In an early poem, “Love Peon,” Godfrey does a modern take on John Donne:
I would be a speck on her tongue, an invisible moistness
high on her thigh, a charged humidity of fur!
I would disappear for her, I would murder her and
carry her stiff on my shoulder through flaming tenements!
We must touch nipples and fold our hairs together
and the twisted coathangers in my chest will strengthen
rather than drill my heart—I come into my hand
and pour it into my mouth, which I imagine is hers!

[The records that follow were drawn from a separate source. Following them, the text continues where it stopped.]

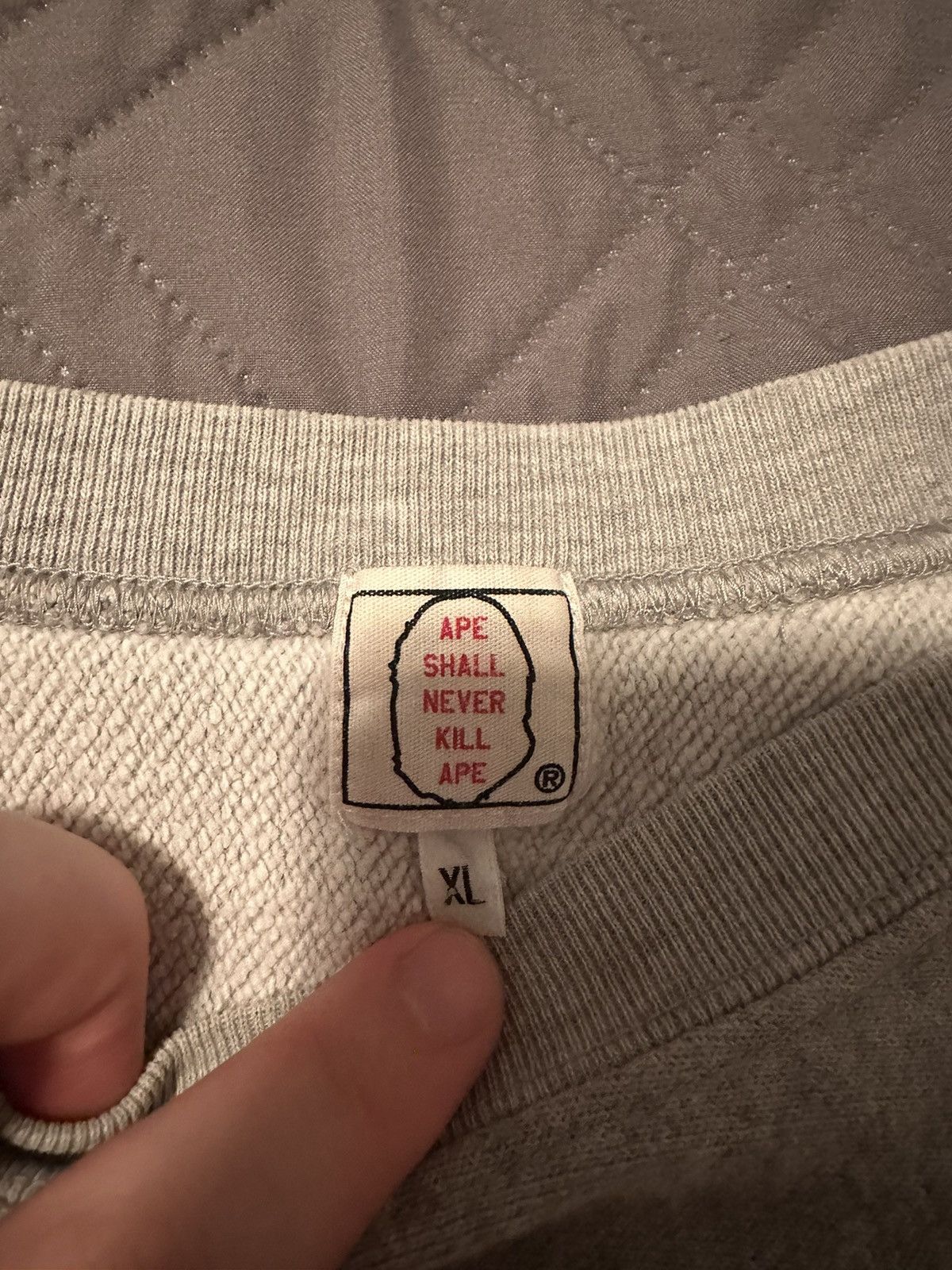 Bape Bathing Ape Grey Hoodie Size US XL / EU 56 / 4 - 4 Thumbnail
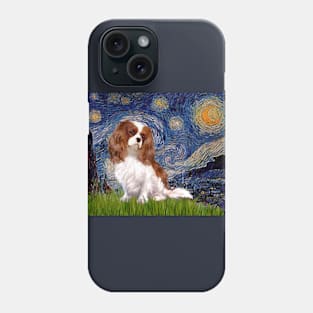 Blenheim Cavalier King Charles Spaniel in Starry Night Phone Case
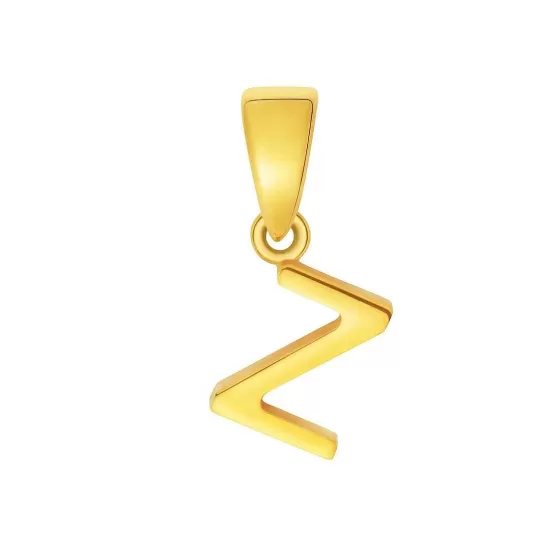 916 Gold Initials 'Z' Pendant^Lee Hwa Jewellery Best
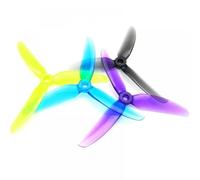 hJNGdU 5X4.3X3V2S 5043 Propeller 12 Pairs 3 PC Propeller Compatible With RC Racing Freestyle 5 Inch Drones Replacement DIY Parts(12PAIRS YELLOW(ONLY YELLOW))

Godfrey is excellent at pinning a street scene, à la Lou Reed circa “Waiting For My Man” meets Frank O’Hara circa “A Step Away From Them” as in Godfrey’s poem “The Avenue And The United States” from his 1988 book Midnight On Your Left:
single bell of morning
Pure of kids from the ‘burbs
loungers chic about
the bar door corner
German glossy slut for pose
sprawled dark glasses
articulates some mastered humor
literacy a vulnerable cheek
added to her allure
In his most recent poems, Godfrey has gotten even more condensed, more elliptical. It’s all still there, the New York sky, the heat and humidity, the denizens he encounters and notices, particularly female, particularly dark-skinned, though he (the I of the poems) seems to deal, too, with the dudes. But it is the romance of encounter, the incompleteness of it, but also the roundedness, outside light countered by inside shadow, where lust is played against music whose rhythm, though translated, is always appropriate, and whose colors gleam through the darkness. Please welcome John Godfrey to Dia.